Ракот мрачно ухмыльнулся, шагнул ближе, положил руку мне на плечо.
– А вот это мы и увидим.
– Не слишком ли опрометчиво? Тьма, как ни крути, первородная субстанция. Её никто и никогда, насколько я знаю, не объявлял «своей». Даже Молодые Боги. У них есть Яргохор, но никто из них Тьмой не повелевает.
– Тем хуже для них! – Ракот сжал кулак. – Брат, я не привык ходить кругом да около, говорить околичностями. Ты, я знаю, последнее время тоже упорно занимался Тьмой.
– Ты знаешь? Откуда?
– Я всё-таки её Властелин, запамятовал? Когда кто-то особенно глубоко залезает в мои владения, я всегда чувствую.
– Хотел бы я так, – сказал я с искренней завистью. – А как это работает? Ты налагал заклятие, которое…
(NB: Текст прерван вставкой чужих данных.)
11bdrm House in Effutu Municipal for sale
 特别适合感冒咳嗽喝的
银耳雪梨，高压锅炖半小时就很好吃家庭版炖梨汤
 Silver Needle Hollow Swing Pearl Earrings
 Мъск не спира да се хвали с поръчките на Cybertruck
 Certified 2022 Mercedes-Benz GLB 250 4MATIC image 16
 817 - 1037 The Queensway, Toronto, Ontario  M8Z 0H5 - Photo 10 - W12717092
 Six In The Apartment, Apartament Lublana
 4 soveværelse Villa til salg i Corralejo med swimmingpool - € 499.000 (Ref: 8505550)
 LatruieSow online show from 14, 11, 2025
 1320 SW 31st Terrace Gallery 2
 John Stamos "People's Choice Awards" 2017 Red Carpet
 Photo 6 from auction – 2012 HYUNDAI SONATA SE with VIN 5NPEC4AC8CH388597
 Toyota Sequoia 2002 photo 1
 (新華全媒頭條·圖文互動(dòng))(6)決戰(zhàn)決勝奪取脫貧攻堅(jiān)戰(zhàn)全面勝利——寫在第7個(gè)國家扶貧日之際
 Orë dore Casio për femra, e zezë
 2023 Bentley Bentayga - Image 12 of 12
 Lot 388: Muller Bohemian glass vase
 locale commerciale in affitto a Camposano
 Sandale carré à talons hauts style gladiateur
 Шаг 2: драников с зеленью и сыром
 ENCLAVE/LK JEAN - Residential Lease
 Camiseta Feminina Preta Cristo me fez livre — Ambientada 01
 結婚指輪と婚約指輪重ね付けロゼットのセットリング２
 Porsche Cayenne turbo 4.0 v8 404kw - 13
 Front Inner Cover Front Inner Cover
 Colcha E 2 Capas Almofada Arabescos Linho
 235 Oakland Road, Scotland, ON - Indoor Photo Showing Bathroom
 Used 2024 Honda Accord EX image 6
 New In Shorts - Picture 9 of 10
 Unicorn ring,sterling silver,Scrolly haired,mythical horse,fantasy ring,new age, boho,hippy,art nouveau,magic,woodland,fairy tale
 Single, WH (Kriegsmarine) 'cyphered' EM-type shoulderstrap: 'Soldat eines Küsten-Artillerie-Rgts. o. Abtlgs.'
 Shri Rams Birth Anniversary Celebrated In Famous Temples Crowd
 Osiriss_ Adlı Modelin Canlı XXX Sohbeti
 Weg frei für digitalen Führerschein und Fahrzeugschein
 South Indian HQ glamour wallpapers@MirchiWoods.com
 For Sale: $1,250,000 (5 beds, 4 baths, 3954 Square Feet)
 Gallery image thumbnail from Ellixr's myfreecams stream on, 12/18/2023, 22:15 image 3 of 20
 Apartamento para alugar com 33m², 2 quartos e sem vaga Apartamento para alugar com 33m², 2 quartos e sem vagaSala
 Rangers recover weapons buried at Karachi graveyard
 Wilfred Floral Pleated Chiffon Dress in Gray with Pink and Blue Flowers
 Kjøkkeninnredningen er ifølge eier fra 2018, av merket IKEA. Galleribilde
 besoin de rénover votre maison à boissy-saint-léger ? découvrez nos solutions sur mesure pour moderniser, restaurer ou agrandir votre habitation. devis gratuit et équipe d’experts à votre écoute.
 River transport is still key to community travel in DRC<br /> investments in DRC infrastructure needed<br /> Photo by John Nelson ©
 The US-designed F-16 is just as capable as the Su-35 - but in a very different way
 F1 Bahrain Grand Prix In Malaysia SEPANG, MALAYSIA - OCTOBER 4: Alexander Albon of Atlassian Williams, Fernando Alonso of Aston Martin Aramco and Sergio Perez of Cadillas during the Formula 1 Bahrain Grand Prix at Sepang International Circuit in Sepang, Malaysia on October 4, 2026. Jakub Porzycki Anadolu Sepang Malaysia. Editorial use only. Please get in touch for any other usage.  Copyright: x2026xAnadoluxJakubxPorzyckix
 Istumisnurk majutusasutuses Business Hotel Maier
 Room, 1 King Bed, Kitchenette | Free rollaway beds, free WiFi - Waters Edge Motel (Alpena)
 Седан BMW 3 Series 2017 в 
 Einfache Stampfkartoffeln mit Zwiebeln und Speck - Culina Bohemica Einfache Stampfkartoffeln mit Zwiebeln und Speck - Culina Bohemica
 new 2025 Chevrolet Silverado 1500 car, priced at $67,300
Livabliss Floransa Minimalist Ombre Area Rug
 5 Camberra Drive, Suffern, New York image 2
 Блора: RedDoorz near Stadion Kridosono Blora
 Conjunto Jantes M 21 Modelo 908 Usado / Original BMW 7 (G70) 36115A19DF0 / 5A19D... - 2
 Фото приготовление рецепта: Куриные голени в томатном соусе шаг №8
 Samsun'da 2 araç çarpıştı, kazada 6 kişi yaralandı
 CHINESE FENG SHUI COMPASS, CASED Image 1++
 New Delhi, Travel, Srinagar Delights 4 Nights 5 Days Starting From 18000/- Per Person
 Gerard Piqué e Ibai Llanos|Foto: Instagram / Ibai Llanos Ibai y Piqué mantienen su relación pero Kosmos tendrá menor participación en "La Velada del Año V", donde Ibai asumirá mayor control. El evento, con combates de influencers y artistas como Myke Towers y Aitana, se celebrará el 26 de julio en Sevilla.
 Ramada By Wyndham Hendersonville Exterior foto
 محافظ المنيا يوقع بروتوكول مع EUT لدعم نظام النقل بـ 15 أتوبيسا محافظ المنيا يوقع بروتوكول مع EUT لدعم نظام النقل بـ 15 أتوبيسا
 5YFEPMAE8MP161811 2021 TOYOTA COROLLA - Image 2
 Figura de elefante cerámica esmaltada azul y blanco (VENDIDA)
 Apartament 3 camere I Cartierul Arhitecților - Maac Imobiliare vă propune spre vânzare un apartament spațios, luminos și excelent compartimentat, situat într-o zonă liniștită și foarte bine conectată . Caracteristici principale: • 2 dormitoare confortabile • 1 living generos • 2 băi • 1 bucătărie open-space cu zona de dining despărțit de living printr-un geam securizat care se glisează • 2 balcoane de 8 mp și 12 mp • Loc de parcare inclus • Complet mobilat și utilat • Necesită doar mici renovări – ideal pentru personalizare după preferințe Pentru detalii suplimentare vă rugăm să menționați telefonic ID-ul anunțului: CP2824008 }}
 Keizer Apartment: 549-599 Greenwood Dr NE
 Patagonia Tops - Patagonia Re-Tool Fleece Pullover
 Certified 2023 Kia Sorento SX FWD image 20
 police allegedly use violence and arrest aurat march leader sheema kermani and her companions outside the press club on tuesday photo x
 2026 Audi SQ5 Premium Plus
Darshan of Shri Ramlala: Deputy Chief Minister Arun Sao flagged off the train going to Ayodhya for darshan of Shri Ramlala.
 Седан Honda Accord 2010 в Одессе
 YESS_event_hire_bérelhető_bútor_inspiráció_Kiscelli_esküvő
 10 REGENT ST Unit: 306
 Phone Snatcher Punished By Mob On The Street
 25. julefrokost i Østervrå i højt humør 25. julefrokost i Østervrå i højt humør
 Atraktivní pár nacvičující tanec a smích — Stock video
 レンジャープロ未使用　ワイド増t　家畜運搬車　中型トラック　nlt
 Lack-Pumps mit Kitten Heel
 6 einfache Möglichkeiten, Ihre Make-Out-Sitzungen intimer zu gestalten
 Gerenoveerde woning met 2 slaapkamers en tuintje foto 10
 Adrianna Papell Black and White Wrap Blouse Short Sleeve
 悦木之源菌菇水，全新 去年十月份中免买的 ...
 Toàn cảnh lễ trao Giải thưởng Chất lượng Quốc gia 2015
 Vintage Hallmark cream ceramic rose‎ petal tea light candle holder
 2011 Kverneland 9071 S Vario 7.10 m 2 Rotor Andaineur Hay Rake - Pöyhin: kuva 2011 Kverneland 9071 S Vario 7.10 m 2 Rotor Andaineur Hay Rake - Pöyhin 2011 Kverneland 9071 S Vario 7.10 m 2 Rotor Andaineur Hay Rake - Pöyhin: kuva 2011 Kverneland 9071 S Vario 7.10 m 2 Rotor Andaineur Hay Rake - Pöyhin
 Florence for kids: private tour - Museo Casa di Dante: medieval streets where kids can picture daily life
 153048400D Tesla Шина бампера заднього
– Об этом поговорим в другой раз, – отмахнулся Ракот. – Пока же что я хотел тебе сказать – зная, что от тебя это никуда не уйдёт, – что я…
– Что ты готовишь войну?
Ракот гордо выпрямился, расправил плечи. Сейчас, вспоминая весь этот разговор столько лет спустя, я не могу не думать, что выглядел он тогда довольно-таки комично.
– На твоём месте я не стал бы этого делать, – я не дал ему раскрыть рта. – Нет, погоди, послушай меня, не впадая во гнев. Чего ты хочешь достичь? Ты хочешь власти над всем Упорядоченным?
– Быть может, – Ракот не отвёл взгляда. – Но что ж с того? Разве не поступили так же Молодые Боги?
– А, ты тоже знаешь?
– Трудно было б не узнать, подчинив себе Тьму, – брат пожал плечами. – Они, конечно, любимые дети Творца, они владеют Сущим; но когда-то были такими же пришлецами, возникшими из ниоткуда. Почему бы и не мне?
Он был вполне серьёзен, мой названый брат. Теперь, множество веков спустя, я понимаю, что его вело; тогда же – нет, не понимал. Я-сегодняшний нашёл бы верные слова; я-вчерашний думал, увы, больше о себе.
– А что с нами? С нашим Поколением? Мы служим Молодым Богам, предвечным владыкам. Как быть с этим? Да и Мерлин наверняка не останется в стороне.
– Никак. Молодые Боги держали в рабстве всех Древних, все Поколения, бывшие до нас. И спроси у своего драгоценного Мерлина, что с ними случилось.
– Он не мой, – обиделся я. – А что с ними случилось, я знаю и так. Нет ничего неизменного, Поколения сменяют друг друга. Так было и будет.
– А я не хочу, чтобы кто-то решал за меня, когда мне жить, а когда – умирать! – рявкнул Ракот. – Мы, Истинные Маги, есть Великий Предел, нам и решать самим, сколько и как жить. Настоящая свобода – в этом, брат Хедин.